Monday, October 12, 2009
Italian-style Beef Stew
Today it's Columbus Day, or Native Peoples Day, depending on where your politics are.
Either way, it was still a holiday.
I went to work for a couple hours and then took my kids out to a movie.
Since it was quite chilly, beef stew seemed the way to go for dinner. I bought two 1 1/2 pound packs of beef stew cubes and made beef stew two ways, this one and Japanese beef curry.
I'm teaching my girls how to cook without recipes, so I laid out the meat and asked my girls how many potatoes and carrots they thought they should have in ratio to the meat. I then asked how big they thought the potatoes and carrots should be cut, so they could stand with the big cubes of beef.
For the almost 3 lbs. of meat, they picked three potatoes and three carrots. After we cut up the veggies in medium-sized pieces, they thought there was too much potato, so we didn't use all the potato.
I'm glad they're learning to eyeball ingredients and make judgements along the way.
They learned a few more lessons, including how much aromatics (onions, garlic, etc.) they could use, the choice and ratio of liquids (beef broth, water, wine, tomato puree, etc.), and the variety of herbs and spices they could employ.
The best part of learning how to cook is being rewarded with dinner. Good job, girls!
Italian-style Beef Stew
1 1/2 lb. beef stew meat, dried and salted and peppered
1 medium onion, chopped
2 cloves garlic, minced
2 cups beef broth
3/4 cup cabernet sauvignon
1/2 a large can of whole plum tomatoes (5 of the tomatoes chopped, and 2/3 cup of the tomato juice in the can) or you can use 1 small can of chopped tomatoes.
2 medium-sized carrots, peeled and cut in medium-sized pieces
2 medium-sized potatoes, peeled and cut in medium-sized pieces
1 pack of mushrooms, cleaned and cut in halves or thirds
A few dried mushrooms, soaked in a little hot water
1/2 tsp. Italian seasoning
1 bay leaf
Heat a dutch oven over medium-high heat. Add a little oil and brown meat on all sides, making sure that there is air space all around the meat and the pan is not crowded. Cook meat in batches if necessary and set aside.
Turn down heat to medium, add a little more oil, and brown onions until translucent, about 5 minutes. Add garlic at the last minute of cooking.

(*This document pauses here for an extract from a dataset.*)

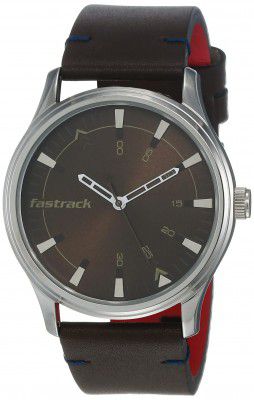 Fastrack I Love Me Valentine Special Analog Brown Dial Mens Watch-NN3236SL03/NP3236SL03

Add back meat to the pot and add beef broth, wine and tomatoes. Keep the skillet you used to brown the meat and onions to use for the mushrooms. Bring to a simmer and cook until beef is tender, about 1 1/2 hours. (You can also do this in pressure cooker and cook the beef for 35 minutes or cook it in the oven at 350 for 1 1/2 hours).

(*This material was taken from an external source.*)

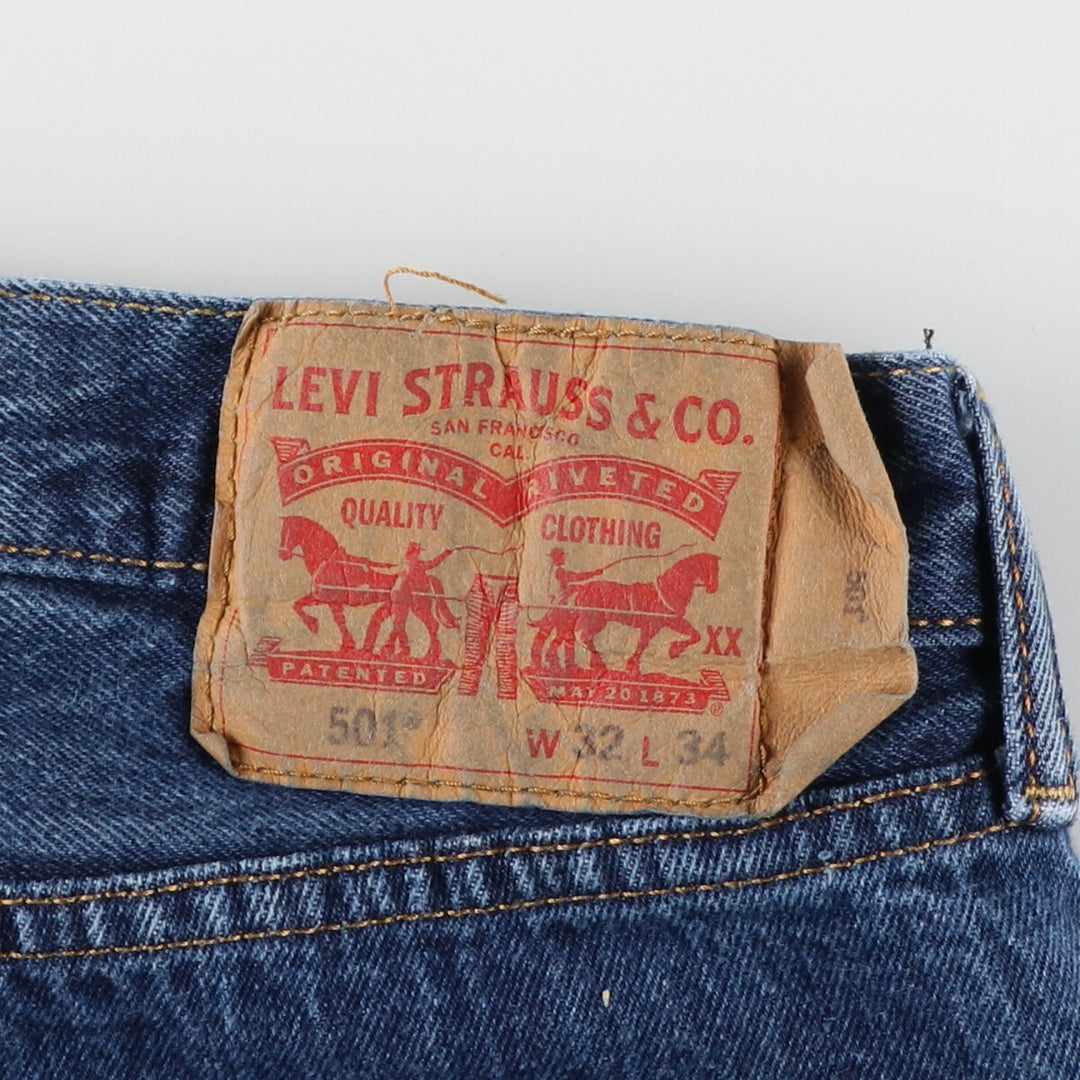Levi's Levi's 501 straight denim pants for men, equivalent to W32 / eaa467431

While the beef is cooking, heat up the skillet over medium-high heat and add a little oil. Cook the mushrooms until they're browned. Salt and pepper and set aside.
When the dried mushrooms that you have been soaking in hot water have softened, cut them in small pieces. With a fine strainer, strain the mushroom water to remove any dirt and then add the chopped mushrooms back. Set aside.
When the beef is tender, add the potatoes, carrots, mushrooms and mushroom juice, and cook at a simmer until the potatoes and carrots are tender.
Adjust seasonings and serve with noodles or rice.